AD-like pathological changes including synaptic dysfunction and neuronal death were reflected by regional glucose hypometabolism and hippocampal atrophy, respectively, in our study. Higher MetS was associated with a slower decline in AD-like pathological progression over time in the MCI groups. We also found that higher Aβ42/p-tau ratios, indicating lower AD pathology, were associated with higher MetS levels. Similar associations were found in previous studies. For example, a higher BMI was associated with lower levels of neuritic plaques, diffuse plaques, and neurofibrillary tangles in the brain [26]. Having diabetes mellitus was associated with less severe β-amyloid accumulation in the hippocampus [27]. These findings may at first sight contradict to our concept that increased vascular burden is associated with higher risks of AD. One possibility is that MCI participants were enrolled based on cognitive function, and at a given level of cognitive impairment, subjects with an increased MetS burden may have less severe AD pathology or less AD-like pathological progression. Such proposition is based on the evidence that microvascular disease may decrease the threshold for AD pathology or amplify the consequence of neurodegenerative pathology to produce clinical symptoms such as memory or executive deficits [19,28]. Higher MetS may not directly protect the brain from AD pathology but rather accelerate the disclosure of AD pathology.
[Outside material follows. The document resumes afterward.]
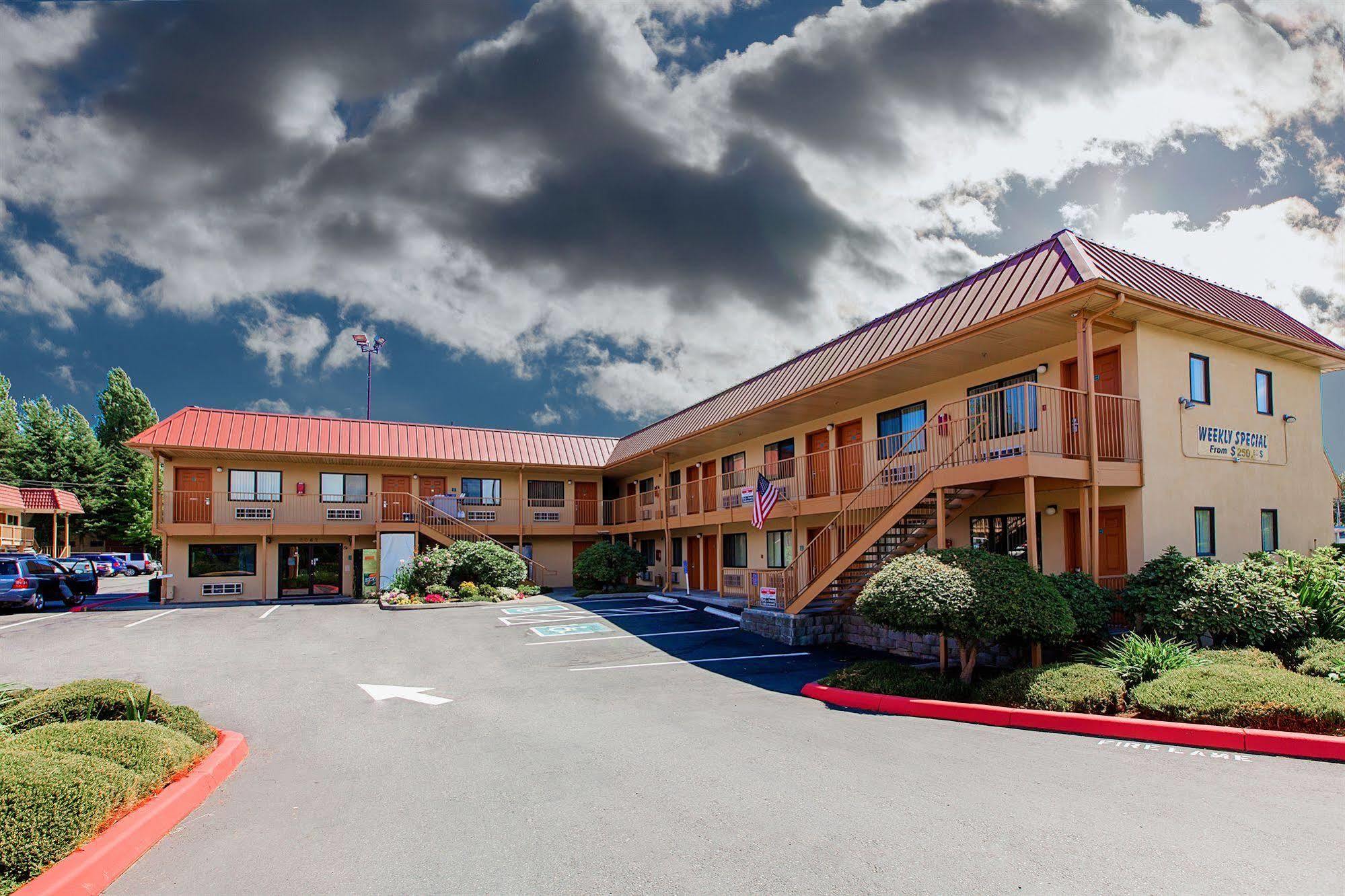 Americas Best Value Airport Inn - СіТак Екстер'єр фото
There are several limitations in our study. First, the vascular burden in these cohorts was relatively low (Hachinski <4), limiting the generalizability of our findings to subjects with mild degrees of MetS. Next, we used T1-weighted MRI-based cWM volume to reflect WM integrity, and this measurement may be less sensitive than DTI. We expect to have more DTI data from ADNI-GO and ADNI-2 to further validate our current findings. Third, MetS composite scores were determined at baseline, but the status or severity of MetS may fluctuate over time as well, especially for those who had concurrent medical control. Collecting information on time-varying vascular risks is warranted in future investigation. Finally, less than 10% of the participants had 5 years' follow-up. In our relatively healthy sample, the influence of MetS on AD pathology may not be detectable within this observation period.
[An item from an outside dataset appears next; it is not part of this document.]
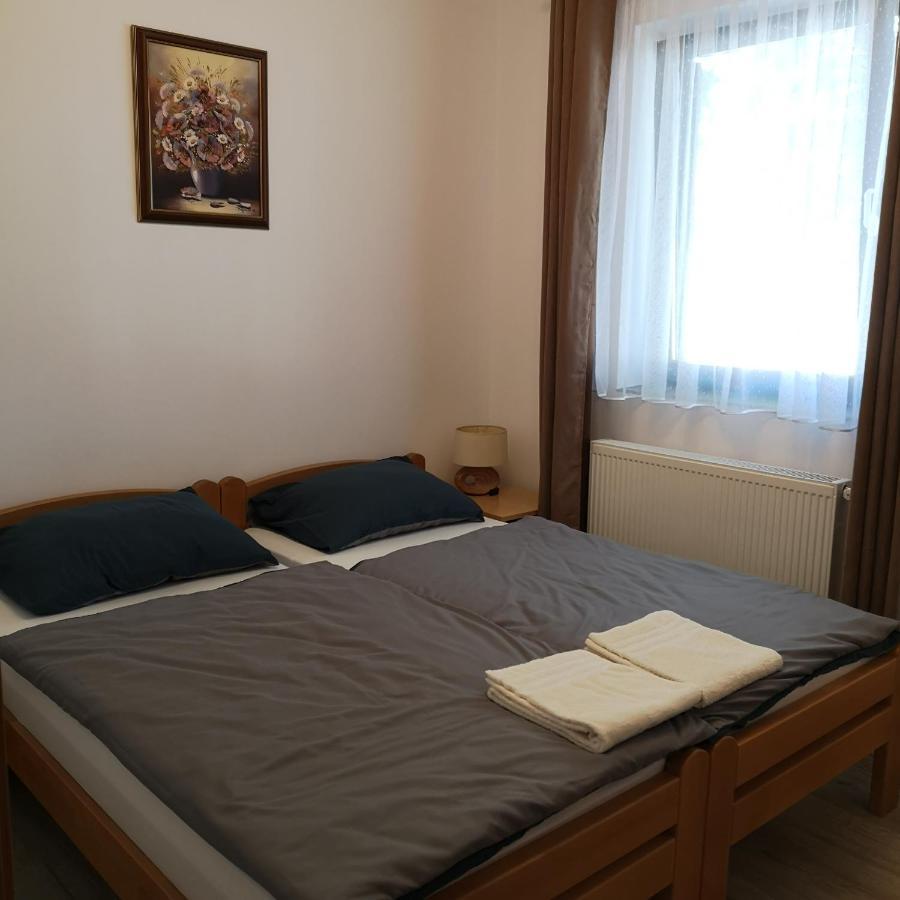 Ferienwohnung Turul -Kuca Za Odmor- Korod Exterior foto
The neurovascular hypothesis was proposed within the context of AD such that the interaction occurs later in the disease course with more β-amyloid deposition or neurofibrillary tangle burden [6], while at the very early stage of cognitive decline, the vascular burden such as MetS may be in parallel with or independent of AD pathology in contributing to cognitive impairment in terms of accelerating the disclosure of AD pathology.

Disclosure Statement

The authors disclose no conflicts of interest.